Une manifestation proteste contre la construction d’une université chinoise à Budapest le 5 juin 2021. | Ferenc Isza / AFP
Une manifestation proteste contre la construction d’une université chinoise à Budapest le 5 juin 2021. | Ferenc Isza / AFP

La création d'une antenne d'une université chinoise à Budapest fait polémique en Hongrie. Des opposants reprochent au premier ministre nationaliste Viktor Orban de faire passer les intérêts de la Chine avant ceux de la Hongrie.

En avril, le gouvernement a annulé un chantier prévu pour la construction d’une cité universitaire sur les bords du Danube pour le remplacer par celui d’un campus satellite de l’université de Fuban, situé à Shanghai.

Des manifestants réunis ce samedi 5 juin contre le projet accusent le gouvernement de ne pas être assez transparent et dénoncent le rapprochement entre Orban et le régime chinois. Les organisateurs estiment que le premier ministre lui offre avec ce campus une manière d’accroître son influence en Europe.
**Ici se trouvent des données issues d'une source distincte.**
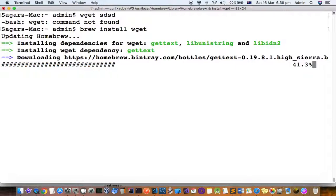Once it is installed, you can access and use all the wget commands that are available in Linux or other distributions. Thanks for watching this video.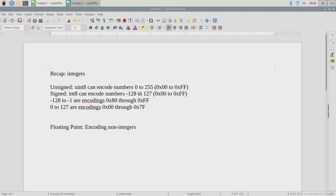Starting today — and we'll continue and finish this on Wednesday — I want to talk about how we do non-whole numbers. The problem is I don't have any way to encode the dot. If I want to encode 1.5 or 3.14 or some floating point number, how do I say where the dot's going to be? The other problem is that on computers we're going to encode these things with a fixed number of bits — just like with integers, we have to make a choice as to how many.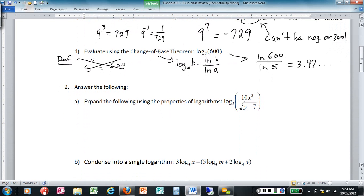Number two is still on logarithms — the properties of logarithms. We did three of them: if you've got two logarithms added together you can combine them, subtracted — those are the properties I'm referring to. On 2a, let's use those properties to expand that logarithm.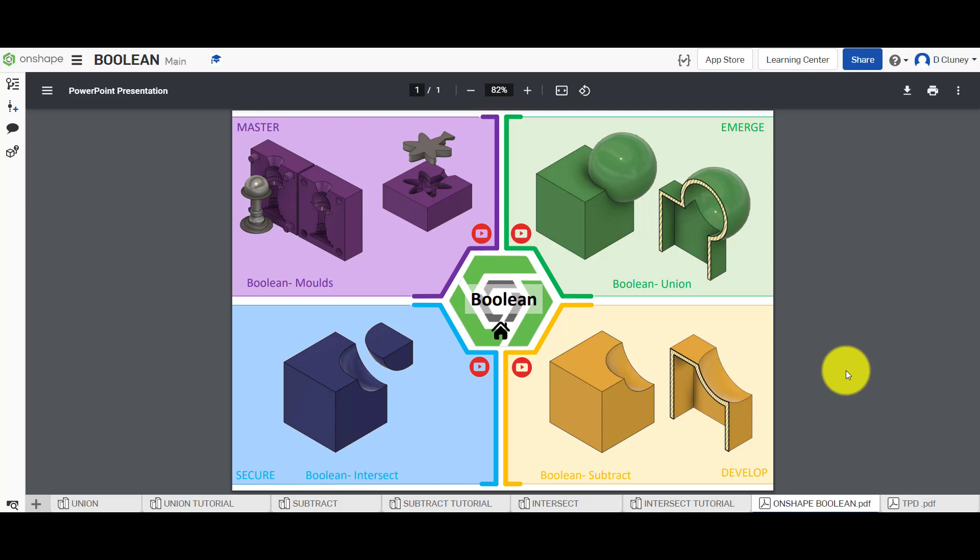Hello and welcome to this Onshape tutorial. We're going to look at the boolean feature in Onshape as you can see on the screen. We have a number of different activities to work through and we're actually going to cover three in one tutorial.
Selon des informations du média d'investigation hongrois Direkt 36, reprises par Bloomberg, la Hongrie compte faire don du terrain à l’université de Fudan et construira elle-même les locaux. Pour financer ce chantier estimé à 1,5 milliards d’euros, le pays pourrait ainsi débourser 289 millions d’euros directement et emprunter le reste à une banque chinoise.

Opposition municipale

Le maire de Budapest s’oppose au projet et a rebaptisé les rues aux abords du campus avec des noms choisis pour provoquer le gouvernement chinois. L’université donnera donc entre autres sur les avenues «Dalaï Lama» et des «martyrs Ouïghours».

De son côté, le gouvernement souligne la qualité de l’université de Fudan (centième au classement de Shanghai), et estime qu’elle «permettra aux étudiants d’apprendre des meilleurs».

Viktor Orban entretient des relations cordiales avec le gouvernement de Xi Jinping. La Hongrie a récemment bloqué une déclaration conjointe de l’UE en solidarité avec Hong Kong. Elle a également été le premier pays européen à autoriser l’usage du vaccin chinois Sinopharm sur son territoire.